In this tutorial, we will be building char-level bi-gram language models:
This tutorial is a summary of my learnings from Andrej Karpathy's makemore lecture
Designing a machine learning system is a multi-step iterrative process:
Without further ado, let's build our first language model.
import torch
import matplotlib.pyplot as plt
%matplotlib inline
We want to build a machine learning system which can generate new plausible English names for a person.
To train a machine learning system we need example dataset. In our case, we will need a dataset of English names.
We will be using the same [names.txt](https://github.com/karpathy/makemore/blob/master/names.txt) used in Andrej Karpathy's makemore lecture series.

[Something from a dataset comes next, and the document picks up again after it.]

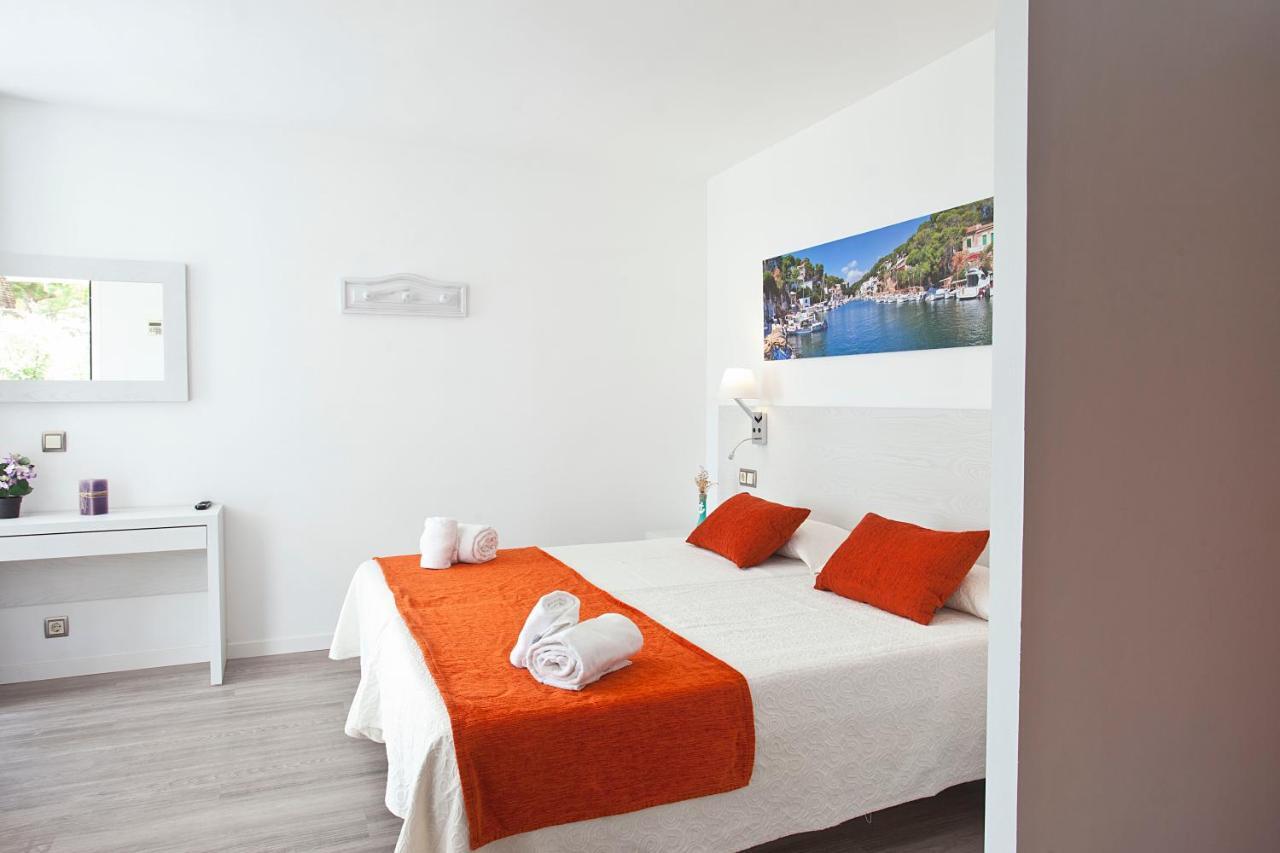 Apartamentos Ferrera Pins Кала Ферера Екстериор снимка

Let's explore the dataset.
# read names.txt file
names = None
with open("names.txt",'r') as file:
names = file.read().splitlines() #splitline will split the text on '\n' character and will return a list of strings
n_names = len(names)
print(f"Total no. of names in the dataset: {n_names}")
print(f"List first few names: {names[:10]}")

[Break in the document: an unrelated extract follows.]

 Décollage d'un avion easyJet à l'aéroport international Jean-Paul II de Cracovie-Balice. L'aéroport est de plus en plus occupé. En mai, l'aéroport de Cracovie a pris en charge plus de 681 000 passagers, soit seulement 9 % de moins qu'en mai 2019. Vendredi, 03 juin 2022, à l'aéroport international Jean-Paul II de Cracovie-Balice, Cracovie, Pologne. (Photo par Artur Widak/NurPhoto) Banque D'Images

lengths = [len(w) for w in names]
print(f"Length of longest word: {max(lengths)} ({names[lengths.index(max(lengths))]}) and shortest word: {min(lengths)} ({names[lengths.index(min(lengths))]})")
Total no. of names in the dataset: 32033 List first few names: ['emma', 'olivia', 'ava', 'isabella', 'sophia', 'charlotte', 'mia', 'amelia', 'harper', 'evelyn'] Length of longest word: 15 (muhammadibrahim) and shortest word: 2 (an)
Since our goal is to generate new words, we need to tell the model about start and end of a word. To represent the start of a word, <Start> token is used and similarly, to represnt the end of a word <End> token is used. We will be using the same token "." for start and end token.
Create character vocabulary:
# let's create a character vocabulary for names dataset and also add ".", the start token to the vocab
char_vocab = ['.'] + sorted(set("".join(names)))
vocab_size = len(char_vocab)
print(f"{vocab_size=} and characters in vocab: {''.join(char_vocab)}")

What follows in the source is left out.